WHAT THE TASK REQUIRES: The lines to repeat are those below from the one containing "Dahua IPC-HFW5541E-ZE-S3 Tubular" down to the one containing "Ringke Dual Easy", both included; reproduce them exactly and nothing else.

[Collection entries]
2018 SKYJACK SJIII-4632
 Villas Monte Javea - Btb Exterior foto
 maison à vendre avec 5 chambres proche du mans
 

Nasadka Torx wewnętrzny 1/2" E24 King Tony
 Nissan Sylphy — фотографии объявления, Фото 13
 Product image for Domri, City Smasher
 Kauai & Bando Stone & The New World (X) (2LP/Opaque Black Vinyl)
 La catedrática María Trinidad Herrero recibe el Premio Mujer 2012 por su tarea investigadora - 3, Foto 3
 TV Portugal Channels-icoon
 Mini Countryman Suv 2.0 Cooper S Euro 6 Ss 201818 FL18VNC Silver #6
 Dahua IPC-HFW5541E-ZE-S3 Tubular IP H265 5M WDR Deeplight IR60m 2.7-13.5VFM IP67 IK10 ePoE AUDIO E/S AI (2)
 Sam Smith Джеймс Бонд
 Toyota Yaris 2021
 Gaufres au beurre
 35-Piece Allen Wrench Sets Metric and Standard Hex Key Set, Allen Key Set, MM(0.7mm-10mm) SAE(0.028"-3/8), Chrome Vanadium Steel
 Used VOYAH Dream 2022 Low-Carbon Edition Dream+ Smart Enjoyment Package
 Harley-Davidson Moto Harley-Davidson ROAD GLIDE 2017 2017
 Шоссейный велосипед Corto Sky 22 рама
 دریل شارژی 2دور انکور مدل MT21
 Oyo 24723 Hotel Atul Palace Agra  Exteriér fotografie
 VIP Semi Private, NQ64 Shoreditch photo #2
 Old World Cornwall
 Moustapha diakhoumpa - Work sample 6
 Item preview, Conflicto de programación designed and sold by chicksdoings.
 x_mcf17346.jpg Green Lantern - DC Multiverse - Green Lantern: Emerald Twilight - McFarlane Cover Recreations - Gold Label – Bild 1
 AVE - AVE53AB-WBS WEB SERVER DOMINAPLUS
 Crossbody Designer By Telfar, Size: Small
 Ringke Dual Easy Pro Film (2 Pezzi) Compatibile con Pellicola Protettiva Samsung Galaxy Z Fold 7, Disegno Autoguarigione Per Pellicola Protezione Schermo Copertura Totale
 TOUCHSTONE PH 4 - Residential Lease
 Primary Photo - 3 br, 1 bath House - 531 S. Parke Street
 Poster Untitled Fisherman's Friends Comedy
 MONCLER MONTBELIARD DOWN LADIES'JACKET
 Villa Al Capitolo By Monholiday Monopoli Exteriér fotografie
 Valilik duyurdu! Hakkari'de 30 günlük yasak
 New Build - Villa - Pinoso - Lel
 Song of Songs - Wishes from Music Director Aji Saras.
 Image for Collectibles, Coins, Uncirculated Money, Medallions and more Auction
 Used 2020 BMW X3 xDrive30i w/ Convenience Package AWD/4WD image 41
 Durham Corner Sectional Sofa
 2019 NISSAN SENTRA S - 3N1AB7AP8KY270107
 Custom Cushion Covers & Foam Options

EXPECTED ANSWER:
 Dahua IPC-HFW5541E-ZE-S3 Tubular IP H265 5M WDR Deeplight IR60m 2.7-13.5VFM IP67 IK10 ePoE AUDIO E/S AI (2)
 Sam Smith Джеймс Бонд
 Toyota Yaris 2021
 Gaufres au beurre
 35-Piece Allen Wrench Sets Metric and Standard Hex Key Set, Allen Key Set, MM(0.7mm-10mm) SAE(0.028"-3/8), Chrome Vanadium Steel
 Used VOYAH Dream 2022 Low-Carbon Edition Dream+ Smart Enjoyment Package
 Harley-Davidson Moto Harley-Davidson ROAD GLIDE 2017 2017
 Шоссейный велосипед Corto Sky 22 рама
 دریل شارژی 2دور انکور مدل MT21
 Oyo 24723 Hotel Atul Palace Agra  Exteriér fotografie
 VIP Semi Private, NQ64 Shoreditch photo #2
 Old World Cornwall
 Moustapha diakhoumpa - Work sample 6
 Item preview, Conflicto de programación designed and sold by chicksdoings.
 x_mcf17346.jpg Green Lantern - DC Multiverse - Green Lantern: Emerald Twilight - McFarlane Cover Recreations - Gold Label – Bild 1
 AVE - AVE53AB-WBS WEB SERVER DOMINAPLUS
 Crossbody Designer By Telfar, Size: Small
 Ringke Dual Easy Pro Film (2 Pezzi) Compatibile con Pellicola Protettiva Samsung Galaxy Z Fold 7, Disegno Autoguarigione Per Pellicola Protezione Schermo Copertura Totale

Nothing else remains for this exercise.